# INSTRUCTIONS FOR THE TASK
Set down the data below in full and exactly, minus the pictures.
# # # #
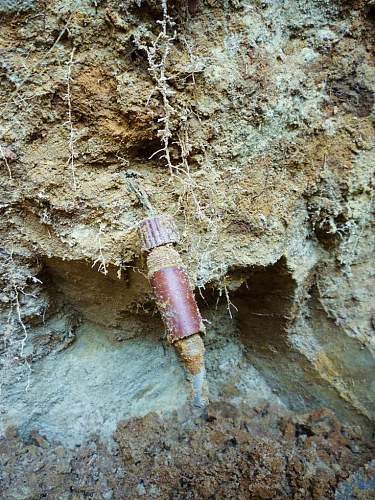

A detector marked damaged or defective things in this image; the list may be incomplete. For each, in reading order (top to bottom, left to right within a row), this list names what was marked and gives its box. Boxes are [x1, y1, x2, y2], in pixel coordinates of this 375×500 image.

rusted metal surface [139, 214, 180, 250]
corroded metal band [139, 214, 180, 252]
corroded metal band [148, 250, 206, 344]
rusted metal surface [149, 266, 206, 344]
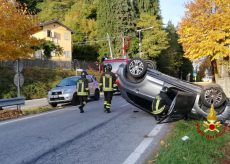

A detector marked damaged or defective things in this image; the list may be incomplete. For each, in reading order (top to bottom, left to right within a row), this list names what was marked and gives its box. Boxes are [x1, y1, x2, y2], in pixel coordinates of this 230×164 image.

overturned car [117, 58, 230, 122]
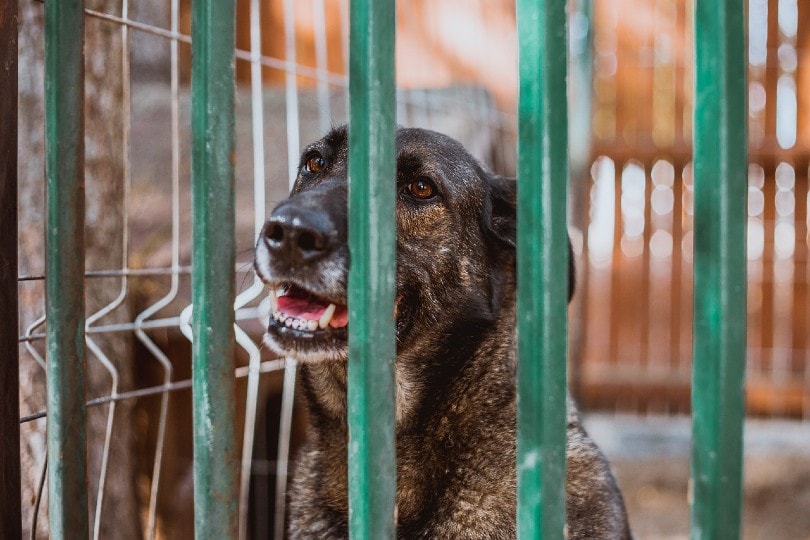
# # # #
# ANSWER TO THIS EXERCISE
A detector marked damaged or defective things in this image; the list may be incomplete. For each, in reading order (top to bottom, left to right within a row), this list names what was marked and gives its box. Boxes are [x1, y1, x2, y2], in pixel coordinates of this 375×500 image.

rusted metal surface [139, 214, 180, 250]
corroded metal band [139, 214, 180, 252]
corroded metal band [148, 250, 206, 344]
rusted metal surface [149, 266, 206, 344]

A detector marked damaged or defective things in this image; the list may be incomplete. For each, in reading order (top to bottom, left to right within a row), this list names what was marked and gives its box. Boxes are [x1, y1, x2, y2], in pixel coordinates of this 230×164 image.

overturned car [117, 58, 230, 122]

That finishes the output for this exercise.